Process parameters during absorbent material formation have an important impact on sound absorption due to their effects on the characteristics of the absorbent mate­rial. Process parameters have been classified into production and treatment param­eter categories here. Different production and treatment processes used in biocom­posite sound absorber formation are given in Table 5.2.

5.3.3.1 PRODUCTION

The fiber component of biocomposites is mainly manufactured by web formation and bonding methods before combining with other components. Web formation can be classified into three categories:

• Drylaid system (carding or airlaying)

• Wetlaid system (similar to paper production from pulp)

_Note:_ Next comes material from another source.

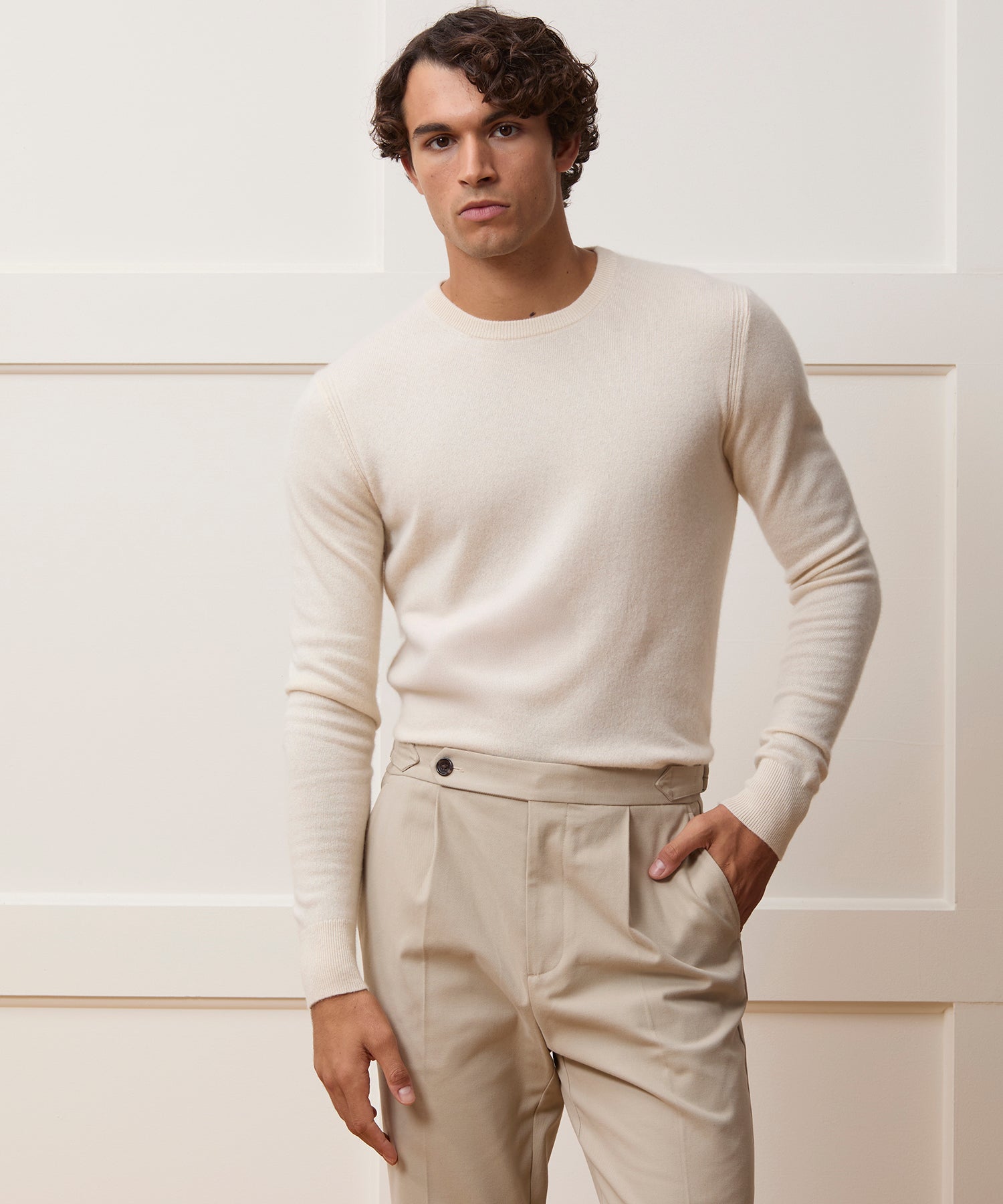 Todd Snyder Cashmere Crewneck in Off White Bisque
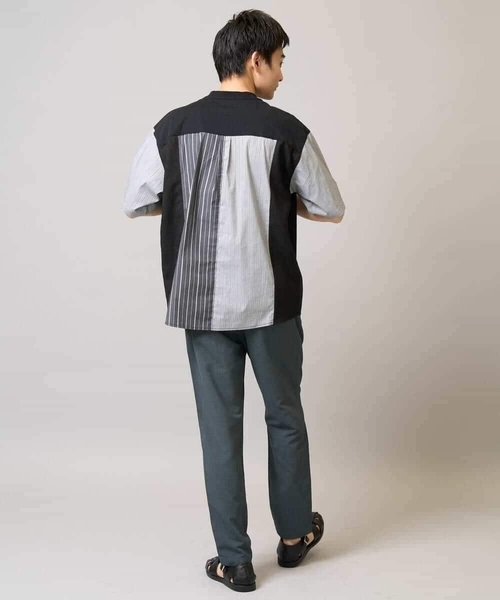 a.v.v（アーヴェヴェ）の「【マシンウォッシャブル】ハーフジップバックシャン切替カットソー（Tシャツ/カットソー・メンズ・ブラック/ホワイト・48/50/46）」の9枚目の写真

• Polymer-laid system (spunbonding, meltblowing, etc.).79

• There are also three classes of web bonding processes:

• Chemical bonding (use of binders)

• Thermal bonding (calendaring, through-air blowing, or ultra-sonic impact)

• Mechanical bonding (needling, stitching, water-jet entangling).27

Among web forming types, Jayaraman et al.47 report higher sound absorption for fibrous structures formed by airlaying compared to carded ones irrespective of the fiber content. This finding was agreed by the findings of Parikh et al.22. This might be due to relatively random placement of fibers, and thus, higher tortuosity, higher number of pores with smaller sizes, higher number of fiber-to-fiber contact points, and gradient in porosity due to gravity.

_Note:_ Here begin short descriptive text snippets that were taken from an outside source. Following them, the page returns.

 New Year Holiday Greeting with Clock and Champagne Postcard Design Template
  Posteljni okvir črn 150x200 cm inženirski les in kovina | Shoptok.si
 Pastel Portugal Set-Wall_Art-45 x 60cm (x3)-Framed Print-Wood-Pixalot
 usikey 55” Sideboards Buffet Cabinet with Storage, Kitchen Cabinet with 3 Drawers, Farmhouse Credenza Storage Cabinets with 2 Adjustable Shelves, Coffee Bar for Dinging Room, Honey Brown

Among web bonding methods, for needle-punching, the factors which affect noise reduction properties are given as the number of needling passes,136 and punch­ing density80.

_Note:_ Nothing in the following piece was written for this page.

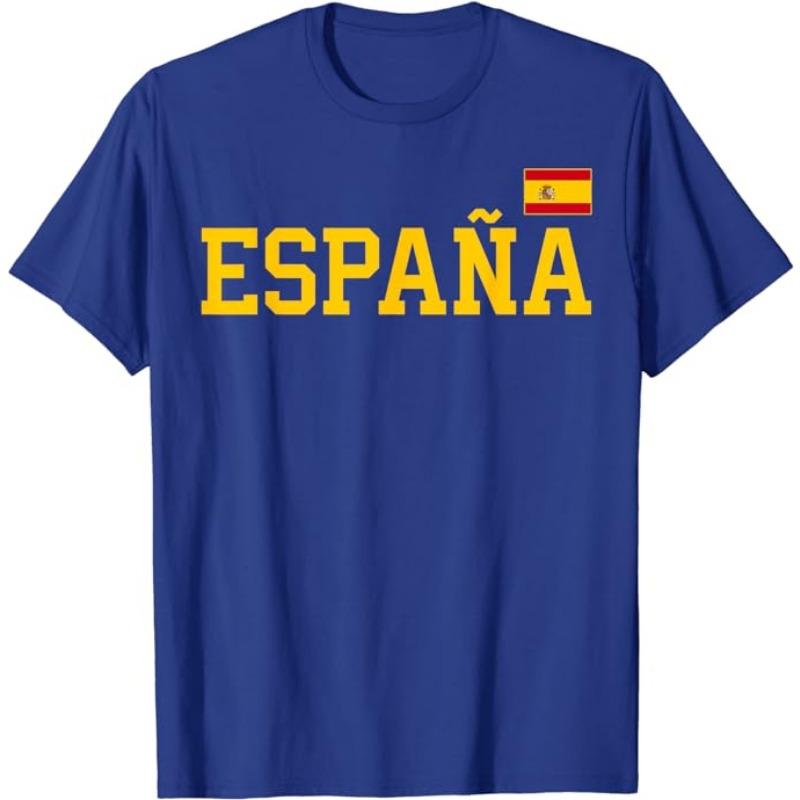 Spain Soccer Ball Spain Flag Jersey - Spanish Football Fan T-Shirt Spanish Flag Red España Graphic Tee Top Espana Support Outfit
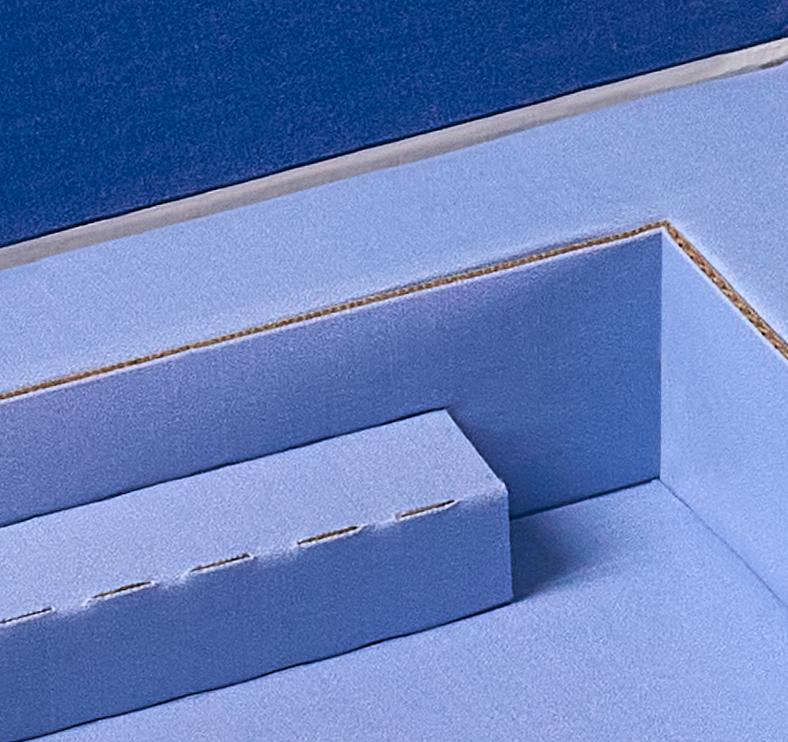 Close-up of corrugated insert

Genis et al.80 found that the absorption coefficient reaches its maximum at mate­rial density rw = 100 kg-m-3 for thermo-bonded polypropylene, and punching den­sity P = 28 cm2 for needle-punched polypropylene and polyamide materials in the sound frequency range of 63 to 8000 Hz, for fiber diameters between 10 to 40 pm, and material thicknesses of 3 to 20 mm. They found the absorption coefficient of their needle-punched samples to have more dependency on the frequency range compared to thermo-bonded ones; thus they have a narrower absorption efficiency frequency range. The absorption in needle-punched materials was also more depen­dent on the diameter of fibers compared to thermally bonded webs. Jayaraman et al.47 did not report a significant difference between needled and needled plus ther­mally bonded fibrous structures.